Park, Ahn, and Lee(2018) wrote about ‘Reconfiguration effect of Busan port operator’. In this study, writers pointed out the problems in the present configuration of terminal operators in Busan port. As the problems in enhancing T/S competitiveness of Busan, writers pointed out Non-participation of terminal operation by global carriers, Non-operation by national carrier, High investment in terminal operation by pure Financial Investor, Multiple operator system as the factors deteriorating T/S competitiveness of Busan port and suggested imminent improvement plan: Integration of terminal operators, Attraction global carriers to dedicated terminal operation, Offering terminal operation to national carriers, Financial Investor’s share selling to Global carrier or GTO. In addition writers also studied ‘The factors influencing T/S competitiveness of the port’ having location, network, service/productivity and cost competitiveness as variables and they confirmed that all the factors have strong relationship with T/S competitiveness of the ports and Busan port as well.
Seo(2018) studied about ‘T/S competitiveness enhancement plan of Busan port’ and put emphasis on the urgency of terminal integration in Busan port. Writer pointed out the importance of evaluation on the corporate’s value for fair integration in order to sustain long-termed effects of integration thereupon. About the order of integration, writer suggested to integrate Old port first and operational integration in New port should be done in advance before proceeding to complete Corporate integration for achieving outcomes in short period. Writer also asked Port Authority to actively intervene in the process of integration among terminal operators in the dimension of profitability and public aspects.
Kim(2018) studied ‘Factors affecting T/S cargo volume in Busan port’ having vessel operating cost, location of the port, ports volume in Northern China, Port operation efficiency and size of container ship as variables affecting T/S cargo volume in Busan port. Writer expressed T/S networks as the most affecting factor among 5 variables in increasing T/S cargo volume of Busan Port. Aside from the Networks, writer referred operational situation in Northern Chinese ports, Berth operation efficiency are affecting the T/S volume of Busan Port.

3. Modelling of Analysis

3.1 Research Model

In analysis, through AHP(Analytic Hierarchy Process) Model, to find which factors affect T/S competitiveness of the port and to compare the priority among them in the level of influence, 7 factors, Location, Network, Productivity, Infrastructure, Service, Port Authority’s policy, Cost competitiveness, are assessed. The validity of these seven factors as analysis elements in evaluating the T/S competitiveness of the ports has been duly proved by the Theoretical backgrounds study and preceding researches in Chapter 2. Aside from the numerous preceding researches focused on the factors deciding T/S competitiveness, it was confirmed through the preliminary interview with the all the concerned parties before designing the survey in order to obtain more objective feedback.

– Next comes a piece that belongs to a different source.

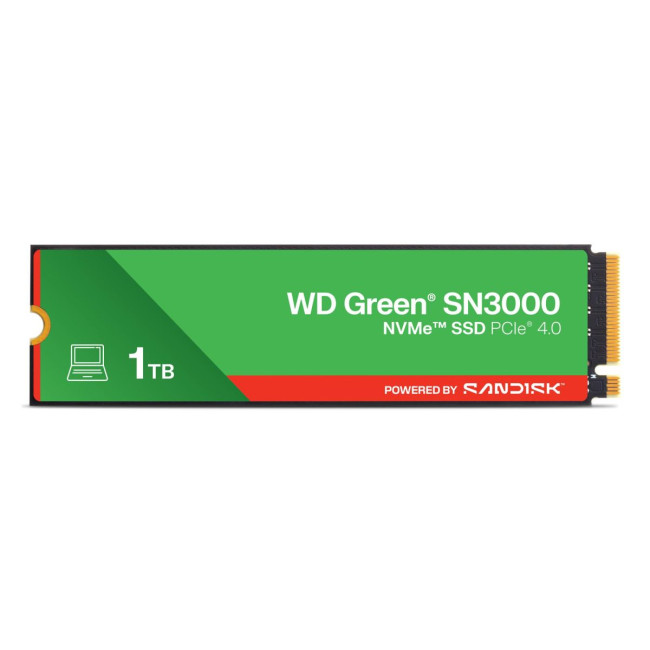 Твердотільний запам’ятовувальний пристрій накопичувач (SSD) G4 M.2 NVME 1TB GREEN SN3000 WDS100T4G0E SANDISK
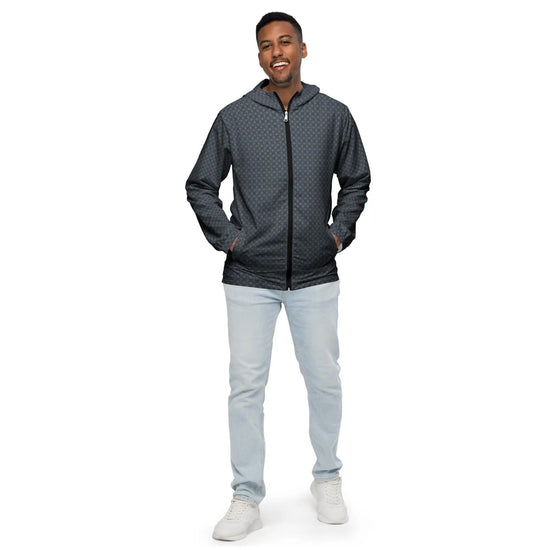 Men’s Geometric Windbreaker Jacket – Casual & Stylish Lightweight Jacket for All Seasons The Aurora Touch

3.2. Data collection and Analysis Method

For collecting the data and enhancing the accuracy of the analysis, survey and interview have been carried out together. Also in order to raise reliability of the survey, questionaire items have been modified after preliminary investigation about the questionaire. The survey has been carried out for a month, August 2020, targeting all the relevant parties, Global national carrier, Intra Asia carriers, Global foreign carriers, Terminal operators and Busan Port Authority, who are all eligible in evaluating T/S competitiveness in Busan port. Questionaire has been sent to 168 samples, thereafter, 163 samples timely answered while indicating 97.0% of high collection ratio and 162 samples proved to be effectively answered. The breakdown of pertinent groups is indicated at Table 13.
As a Methodology for this research AHP (Analytic Hierarchy Process) which is efficient tool to analyze the factors by determining hierarchy is used. The Analytic Hierarchy Process is a methodology for helping decision makers to make complex, multi-criteria decision12). Fig. 5 is the Model for analysis process.

4. Results of Analysis

4.1 Descriptive Statistics Analysis

4.1.1 Descriptive statistics for T/S competitiveness deciding factors

To confirm the seven factors’ influence in deciding the competitiveness of T/S port, survey has been done and the results of it is indicated on Table 14

4.1.2 Busan Port Conformity results upon deciding factors

After the analysis for factors to confirm the influence in deciding the competitiveness of T/S port, Analysis, again, how Busan port, then, conforms to those factor is carried out. The results of analysis is indicated at below Table 15.
According to the results of analysis samples appeared to recognize that all the factors affect on the competitiveness of T/S port and this means Ports have to take those factors into high consideration if they have plan to develop their ports as T/S oriented ports.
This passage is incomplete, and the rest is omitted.